It is certain that the increasingly clearer shifting toward almost exclusively domestic consumption (foreign trade has come to negatively affect GDP) could not affect the exchange rate more clearly. Modified from 4.49 lei/euro, the initial average level planned and used for the 2017 budget to 4.56 lei/euro, near reached (without any rounding).
And this in the context in which the trend does not look good at all, if we look at the gap between the starting value in 2017, the annual average and the value reached when the year ended. With an average placed at less than a quarter, as a position in the increase range versus the starting level and more than three quarters compared to the final level.
It is important to note that in the analysed period it is only the second year when the average value is between the starting and the final value (after 2012, which looks similar to 2017 both in terms of the exchange rate evolution over the year and the coverage ratio). Which could be bad but also good, if we would somehow manage to rebalance the growth with the focus on exports and bring the average value of the exchange rate back BELOW the levels registered at the beginning of the year and at the end of the year, as in all other years presented.
All in all, previous data, based on a long practice, shows that a slow, orderly, calm and limited retreat on positions that can be rationally supported is optimal. The decrease in the average euro/leu exchange rate from almost 4.57 lei/euro, the average level for 2017, to 4.55 lei/euro (included in the 2018 budget law) appears rather hazardous, given the start from the level of 4.66 lei/euro, even if we admit the happy case of the average below the limits of the interval.
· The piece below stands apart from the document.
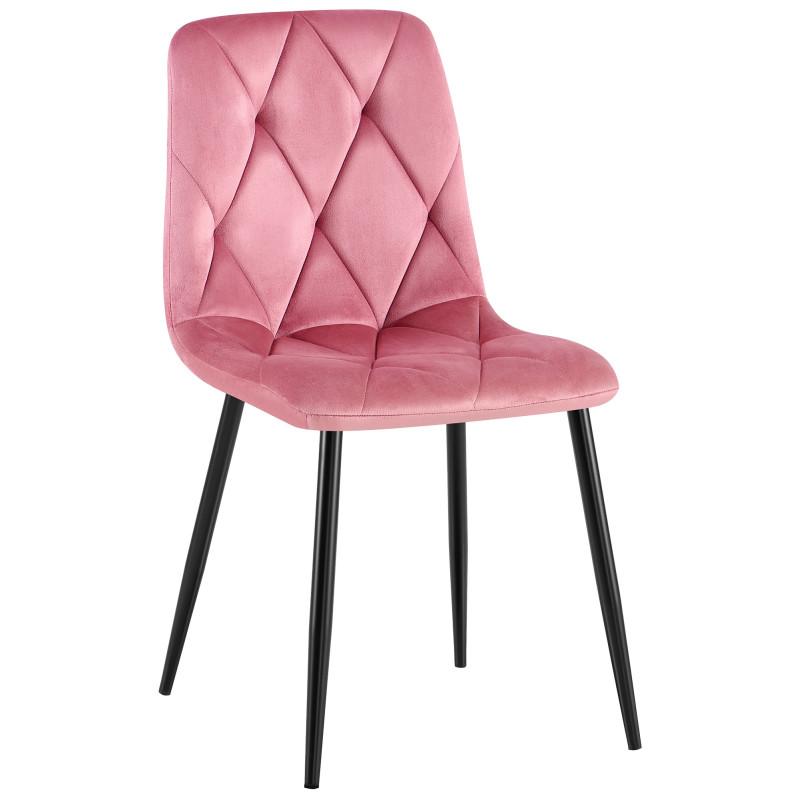 Chaise de salle à manger Clairton, velours, rose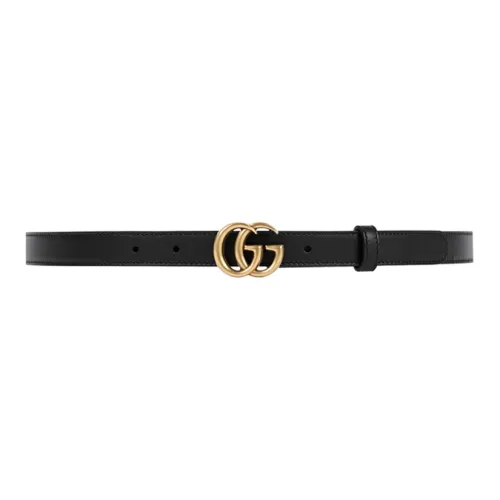 GUCCI Double G Thin Leather Belt Antique Brass Buckle 0.8 Width Black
The inflation differential is increasingly clearer between us and the Eurozone and leaves little operating room. But an appreciation in real terms of the Romanian leu (desirable in principle, but in disagreement with the fiscal-budgetary measures) in the context of an expanding trade deficit makes no sense, it would only further affect the external competitiveness. The maximum attention would be towards reversing the decrease tendency in the coverage ratio to at least the critical threshold of 90%.
Of course, the variation of the national currency will also be in the way of a nominal drop of the exchange rate and the central bank will try to mitigate the speculative exuberance. The currency regime we chosen is a controlled floatation, but it can neither be transformed into a sort of floating control, because the market is a market. And at the end of the day you can only admit, with higher or lower costs, possibly supplemented by professionalism, the harsh reality of the economic fundamentals and free transactions.